Work item: The answer should consist of the records below, repeated exactly, and no pictures.

Records for the task:
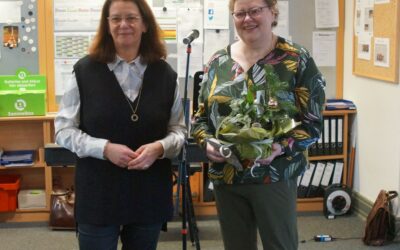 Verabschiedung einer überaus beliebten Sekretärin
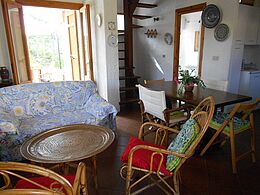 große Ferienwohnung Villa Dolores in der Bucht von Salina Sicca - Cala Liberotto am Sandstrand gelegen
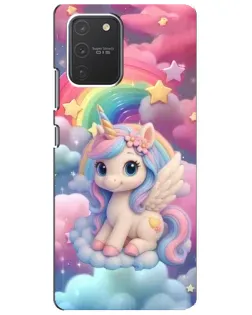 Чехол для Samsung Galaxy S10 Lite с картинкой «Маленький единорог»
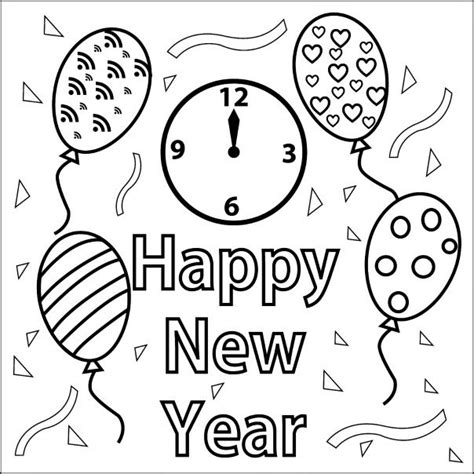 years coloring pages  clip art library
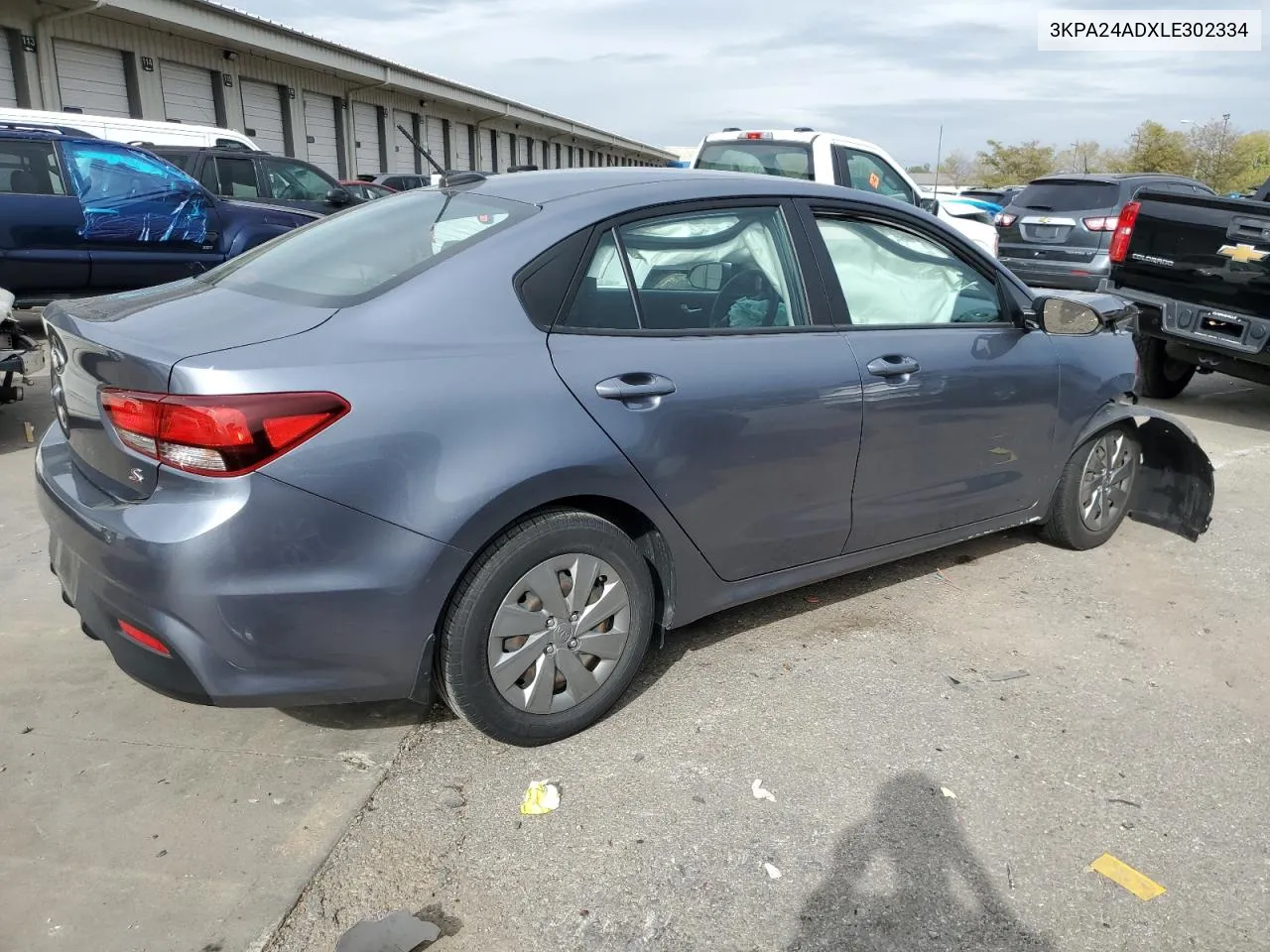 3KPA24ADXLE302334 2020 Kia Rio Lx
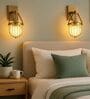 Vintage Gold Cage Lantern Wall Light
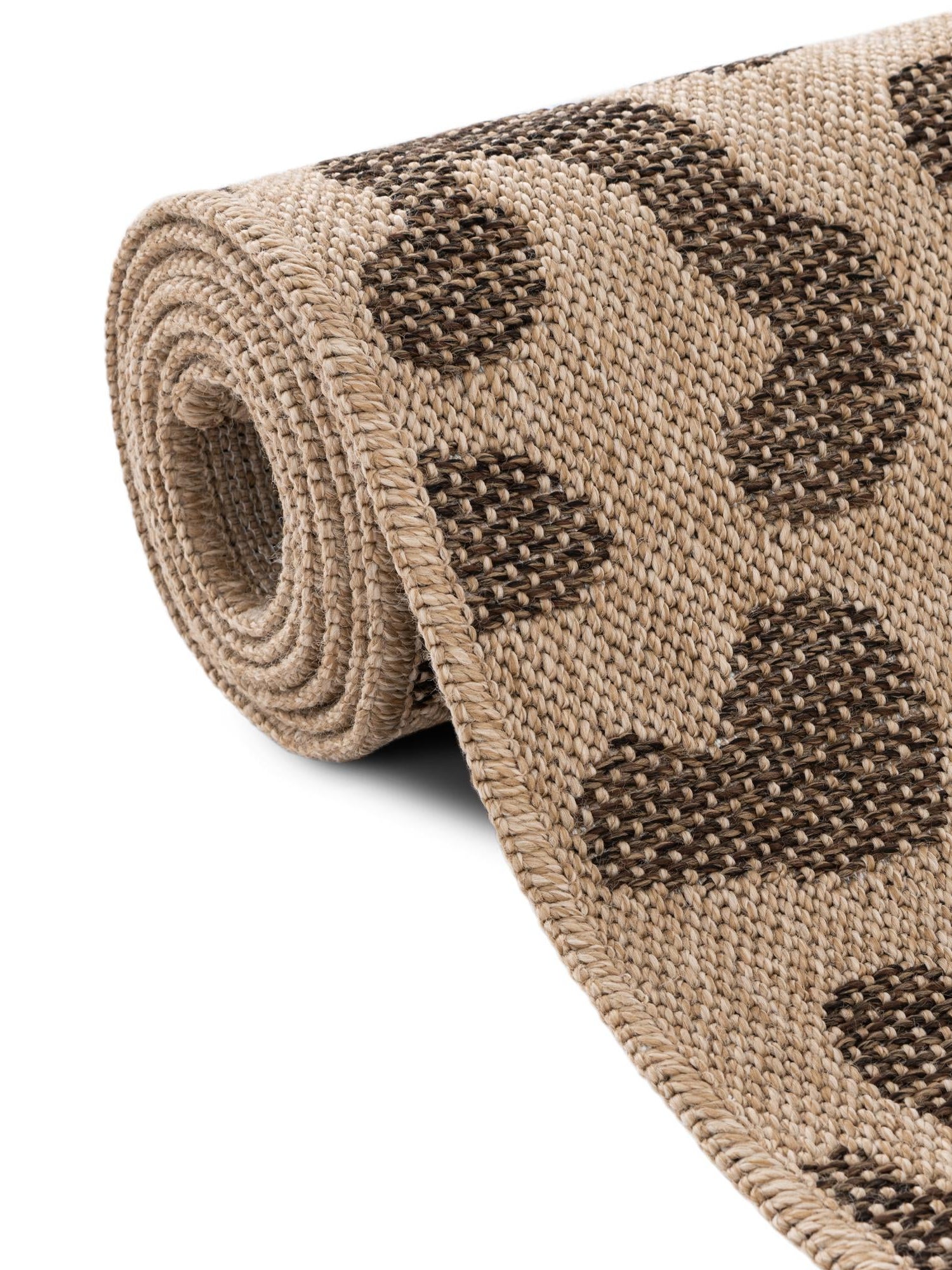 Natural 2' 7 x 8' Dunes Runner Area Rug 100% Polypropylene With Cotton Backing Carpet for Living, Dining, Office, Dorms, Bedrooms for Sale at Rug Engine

Answer for the task:
 Verabschiedung einer überaus beliebten Sekretärin
 große Ferienwohnung Villa Dolores in der Bucht von Salina Sicca - Cala Liberotto am Sandstrand gelegen
 Чехол для Samsung Galaxy S10 Lite с картинкой «Маленький единорог»
 years coloring pages  clip art library
 3KPA24ADXLE302334 2020 Kia Rio Lx
 Vintage Gold Cage Lantern Wall Light
 Natural 2' 7 x 8' Dunes Runner Area Rug 100% Polypropylene With Cotton Backing Carpet for Living, Dining, Office, Dorms, Bedrooms for Sale at Rug Engine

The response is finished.